Short descriptive text snippets >>
= = = = = = =

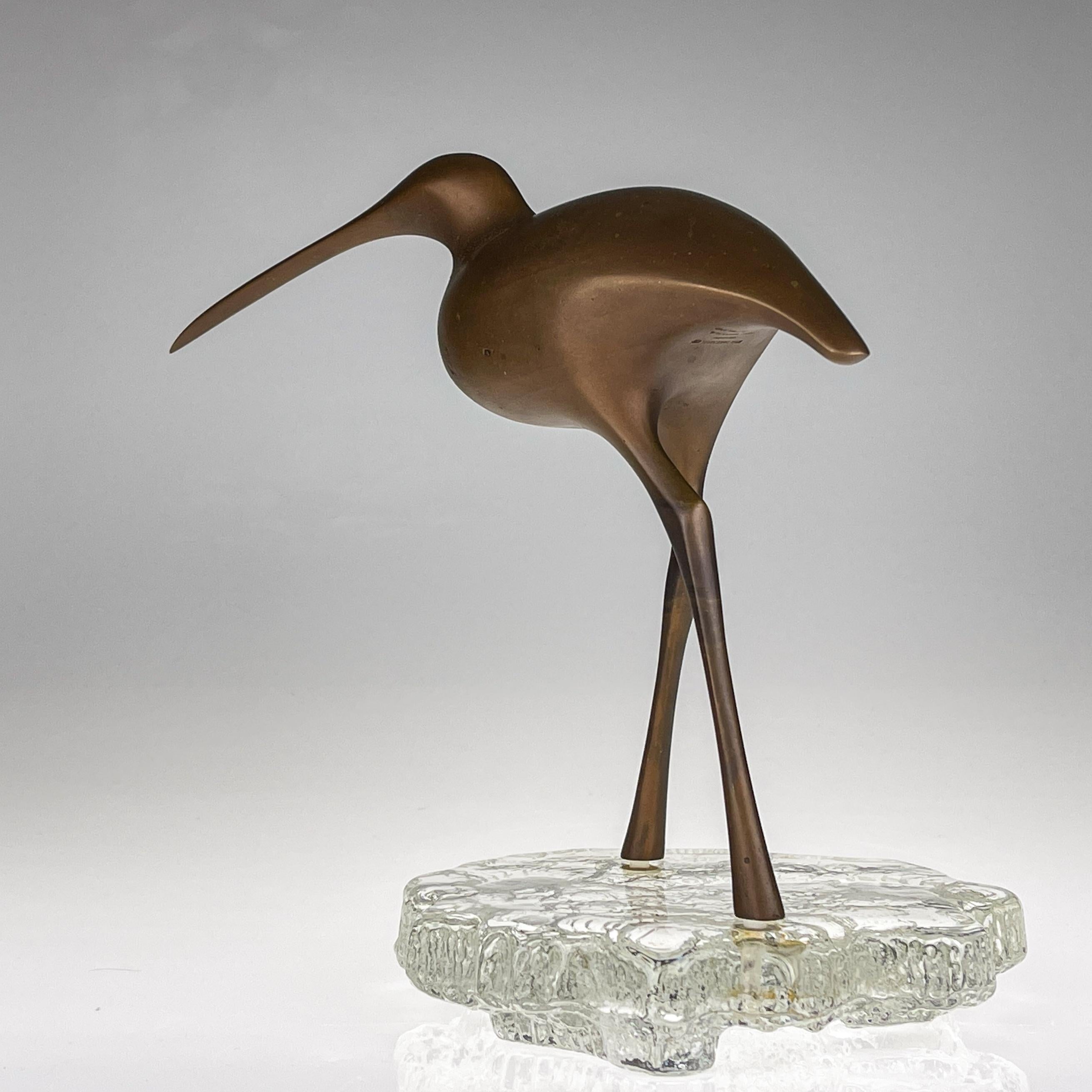 Scandinavian Modern Tapio Wirkkala Patinated Bronze Birdsculpture on Glass Stand In Good Condition In EL Waalre, NL
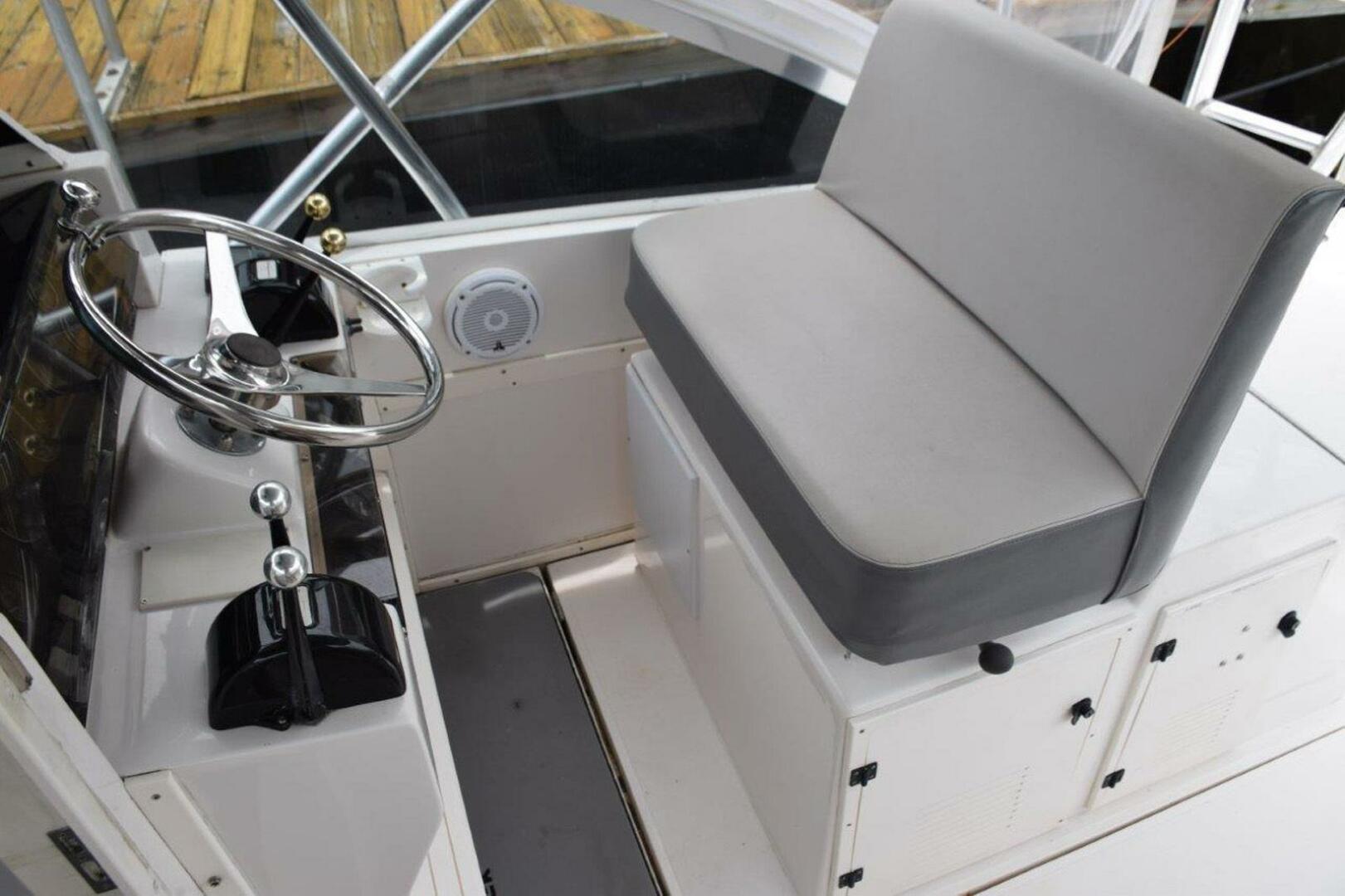 Blackfin-Combi 33 1995-ITS A WRAP Highland Beach-Florida-United States-Helm Bench Seat-5398645 | Thumbnail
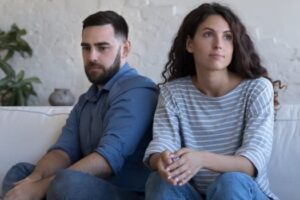 Pourquoi est-ce que je me sens mal à l'aise dans ma relation : 11 raisons considérables
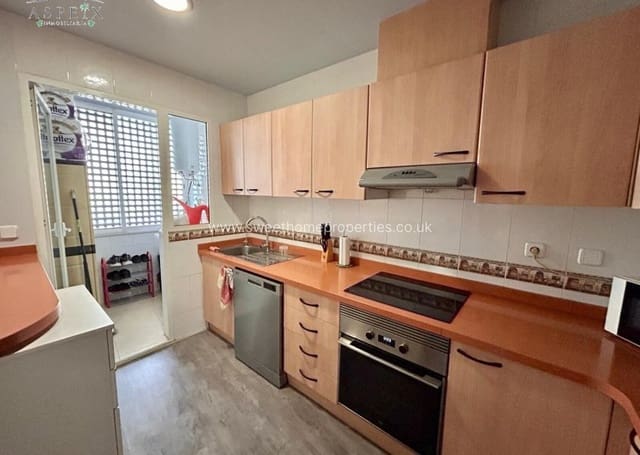 2 soveværelse Lejlighed til salg i Monforte del Cid med swimmingpool - € 215.000 (Ref: 9585106)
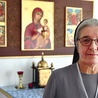 ▲	Siostra Anatolia w kaplicy domu zakonnego przy ul. Zwycięstwa w Koszalinie.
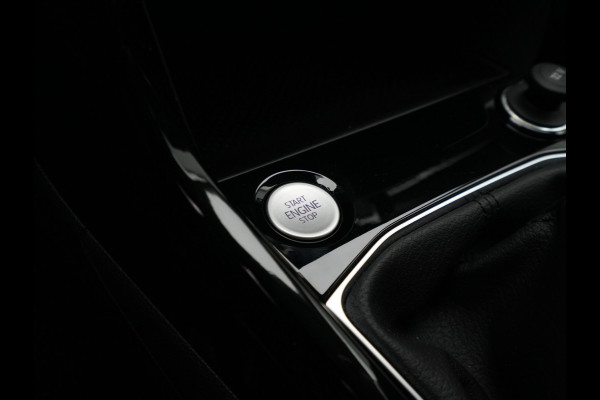 Volkswagen T-Cross Life Edition | 'App-Connect' draadloze smartphone integratie | Achterlichten LED | Afstandscontrolesysteem (Front Assist)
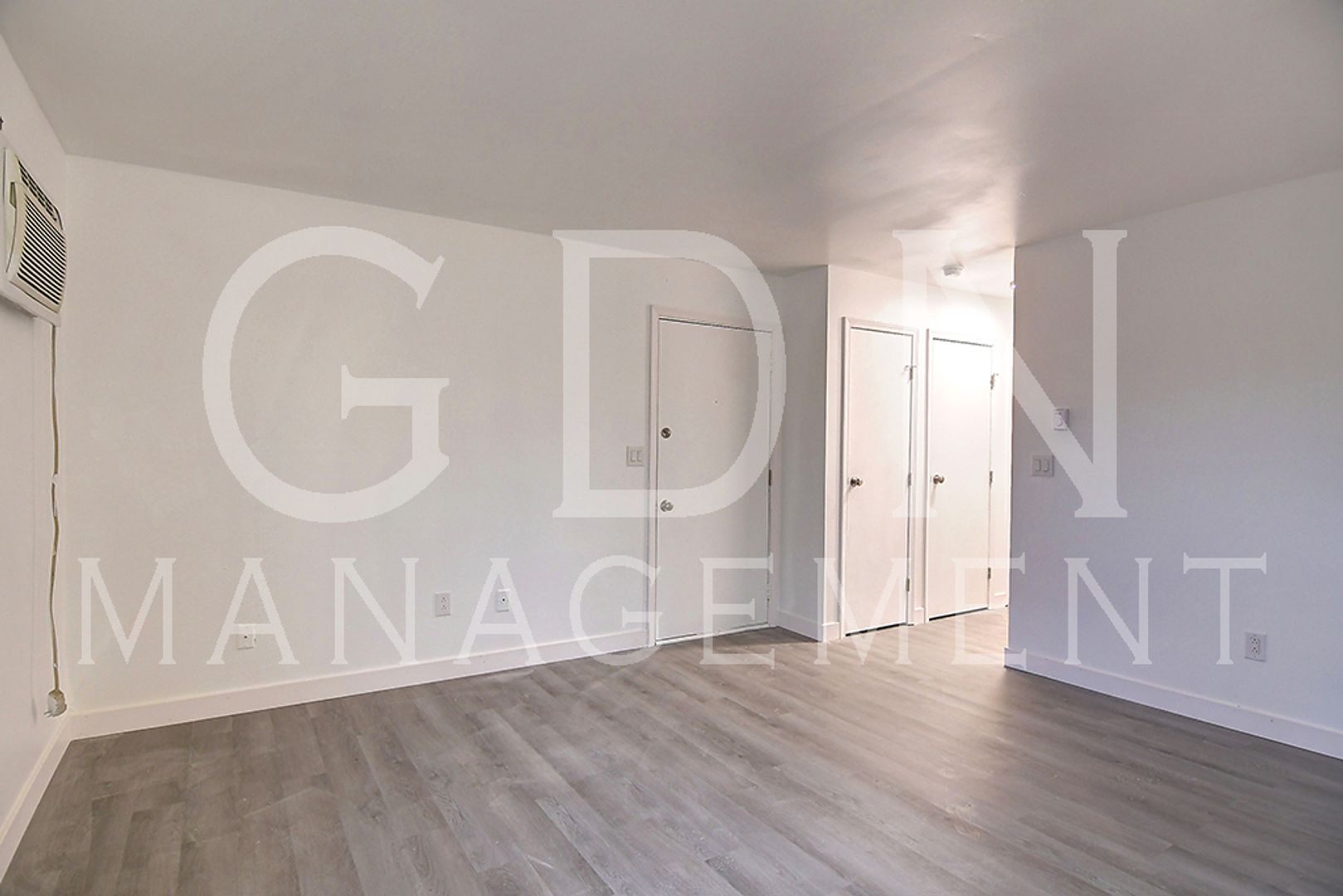 1077 Frederick Dr unit 1087 Frederick Drive – photo 4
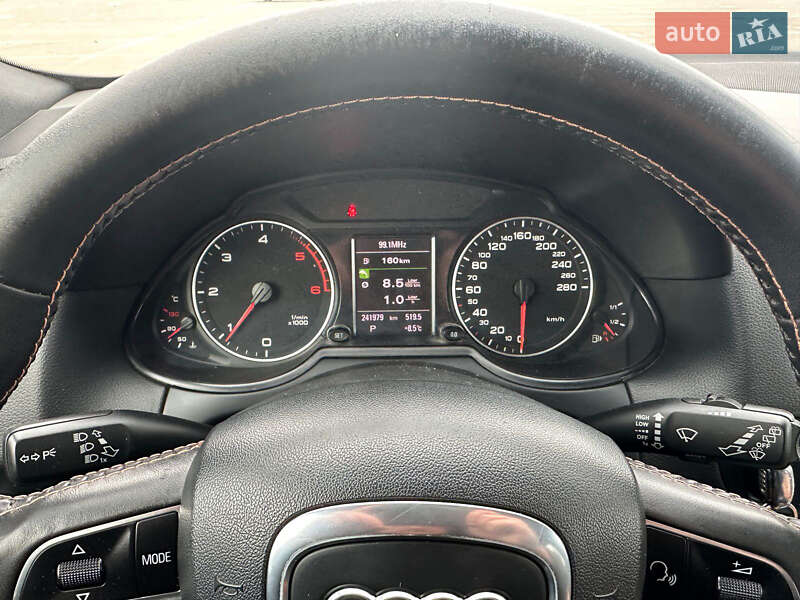 Внедорожник / Кроссовер Audi Q5 2011 в Кривом Роге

= = = = = = =

The task >> Retype every record above word for word, leaving out any pictures.

Your response >>
 Scandinavian Modern Tapio Wirkkala Patinated Bronze Birdsculpture on Glass Stand In Good Condition In EL Waalre, NL
 Blackfin-Combi 33 1995-ITS A WRAP Highland Beach-Florida-United States-Helm Bench Seat-5398645 | Thumbnail
 Pourquoi est-ce que je me sens mal à l'aise dans ma relation : 11 raisons considérables
 2 soveværelse Lejlighed til salg i Monforte del Cid med swimmingpool - € 215.000 (Ref: 9585106)
 ▲	Siostra Anatolia w kaplicy domu zakonnego przy ul. Zwycięstwa w Koszalinie.
 Volkswagen T-Cross Life Edition | 'App-Connect' draadloze smartphone integratie | Achterlichten LED | Afstandscontrolesysteem (Front Assist)
 1077 Frederick Dr unit 1087 Frederick Drive – photo 4
 Внедорожник / Кроссовер Audi Q5 2011 в Кривом Роге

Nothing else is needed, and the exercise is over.